Exercise description: For the material that follows, return exactly the lines from the one with "A) 1996, COLOMBIA, XXX" through the one with "Etui Guess 4G", both ends included.

┌─ Given information

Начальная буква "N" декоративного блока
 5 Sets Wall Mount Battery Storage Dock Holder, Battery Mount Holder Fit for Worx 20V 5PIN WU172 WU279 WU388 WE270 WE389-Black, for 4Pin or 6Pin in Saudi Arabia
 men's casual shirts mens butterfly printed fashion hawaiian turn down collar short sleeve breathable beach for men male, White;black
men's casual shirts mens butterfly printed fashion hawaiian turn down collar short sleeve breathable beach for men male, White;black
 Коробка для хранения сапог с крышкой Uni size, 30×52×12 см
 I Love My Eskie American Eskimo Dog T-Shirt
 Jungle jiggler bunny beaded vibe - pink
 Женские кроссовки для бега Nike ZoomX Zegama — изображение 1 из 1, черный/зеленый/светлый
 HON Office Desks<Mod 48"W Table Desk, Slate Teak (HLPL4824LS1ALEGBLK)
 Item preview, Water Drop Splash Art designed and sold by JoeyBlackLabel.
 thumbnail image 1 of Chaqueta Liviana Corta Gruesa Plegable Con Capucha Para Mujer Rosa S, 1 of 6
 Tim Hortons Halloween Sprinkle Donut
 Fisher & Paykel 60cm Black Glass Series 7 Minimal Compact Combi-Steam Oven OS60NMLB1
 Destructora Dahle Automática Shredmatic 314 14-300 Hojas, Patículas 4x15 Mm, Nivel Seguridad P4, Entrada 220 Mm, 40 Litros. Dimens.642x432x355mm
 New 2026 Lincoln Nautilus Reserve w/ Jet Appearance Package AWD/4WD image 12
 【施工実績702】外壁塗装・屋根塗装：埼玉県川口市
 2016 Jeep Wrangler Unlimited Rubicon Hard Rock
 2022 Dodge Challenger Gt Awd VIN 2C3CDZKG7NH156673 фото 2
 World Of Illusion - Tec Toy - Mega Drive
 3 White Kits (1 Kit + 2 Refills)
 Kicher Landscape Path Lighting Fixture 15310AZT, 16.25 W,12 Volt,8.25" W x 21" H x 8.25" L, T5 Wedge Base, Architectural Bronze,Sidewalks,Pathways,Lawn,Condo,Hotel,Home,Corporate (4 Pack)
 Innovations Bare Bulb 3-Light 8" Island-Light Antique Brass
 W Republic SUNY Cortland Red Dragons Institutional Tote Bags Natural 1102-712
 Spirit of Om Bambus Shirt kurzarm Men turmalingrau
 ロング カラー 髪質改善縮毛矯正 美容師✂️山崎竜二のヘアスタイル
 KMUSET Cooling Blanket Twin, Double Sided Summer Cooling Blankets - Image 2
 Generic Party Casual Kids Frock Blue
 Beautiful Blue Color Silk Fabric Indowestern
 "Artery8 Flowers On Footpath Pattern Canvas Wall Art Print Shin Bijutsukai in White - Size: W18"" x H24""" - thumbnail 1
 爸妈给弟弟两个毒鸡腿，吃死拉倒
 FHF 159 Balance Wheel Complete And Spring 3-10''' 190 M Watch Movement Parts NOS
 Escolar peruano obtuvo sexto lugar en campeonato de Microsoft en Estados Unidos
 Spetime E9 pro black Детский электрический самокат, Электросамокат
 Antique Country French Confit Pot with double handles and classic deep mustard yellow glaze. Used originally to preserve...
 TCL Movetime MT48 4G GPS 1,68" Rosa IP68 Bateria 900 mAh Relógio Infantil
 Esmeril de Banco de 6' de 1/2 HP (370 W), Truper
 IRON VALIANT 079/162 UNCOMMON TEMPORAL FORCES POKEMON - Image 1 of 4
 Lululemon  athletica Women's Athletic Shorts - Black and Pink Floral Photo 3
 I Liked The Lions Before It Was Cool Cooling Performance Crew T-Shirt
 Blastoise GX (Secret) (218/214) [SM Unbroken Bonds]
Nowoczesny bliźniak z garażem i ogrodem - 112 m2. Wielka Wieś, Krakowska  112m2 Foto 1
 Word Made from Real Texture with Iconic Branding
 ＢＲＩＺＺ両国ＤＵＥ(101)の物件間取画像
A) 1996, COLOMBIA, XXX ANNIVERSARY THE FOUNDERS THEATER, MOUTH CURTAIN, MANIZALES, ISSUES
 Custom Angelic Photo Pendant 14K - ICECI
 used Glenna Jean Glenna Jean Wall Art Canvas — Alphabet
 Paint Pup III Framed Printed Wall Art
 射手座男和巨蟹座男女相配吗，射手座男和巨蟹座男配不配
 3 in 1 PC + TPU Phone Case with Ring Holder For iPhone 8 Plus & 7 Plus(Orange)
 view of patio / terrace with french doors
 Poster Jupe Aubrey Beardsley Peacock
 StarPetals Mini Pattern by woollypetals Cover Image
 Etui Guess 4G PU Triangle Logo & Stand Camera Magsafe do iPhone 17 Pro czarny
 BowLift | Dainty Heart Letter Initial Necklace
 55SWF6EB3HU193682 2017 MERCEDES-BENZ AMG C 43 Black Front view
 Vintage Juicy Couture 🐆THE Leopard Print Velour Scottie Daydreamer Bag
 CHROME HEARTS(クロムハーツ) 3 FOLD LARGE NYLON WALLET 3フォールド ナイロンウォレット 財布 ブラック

└─

Answer to this problem:
A) 1996, COLOMBIA, XXX ANNIVERSARY THE FOUNDERS THEATER, MOUTH CURTAIN, MANIZALES, ISSUES
 Custom Angelic Photo Pendant 14K - ICECI
 used Glenna Jean Glenna Jean Wall Art Canvas — Alphabet
 Paint Pup III Framed Printed Wall Art
 射手座男和巨蟹座男女相配吗，射手座男和巨蟹座男配不配
 3 in 1 PC + TPU Phone Case with Ring Holder For iPhone 8 Plus & 7 Plus(Orange)
 view of patio / terrace with french doors
 Poster Jupe Aubrey Beardsley Peacock
 StarPetals Mini Pattern by woollypetals Cover Image
 Etui Guess 4G PU Triangle Logo & Stand Camera Magsafe do iPhone 17 Pro czarny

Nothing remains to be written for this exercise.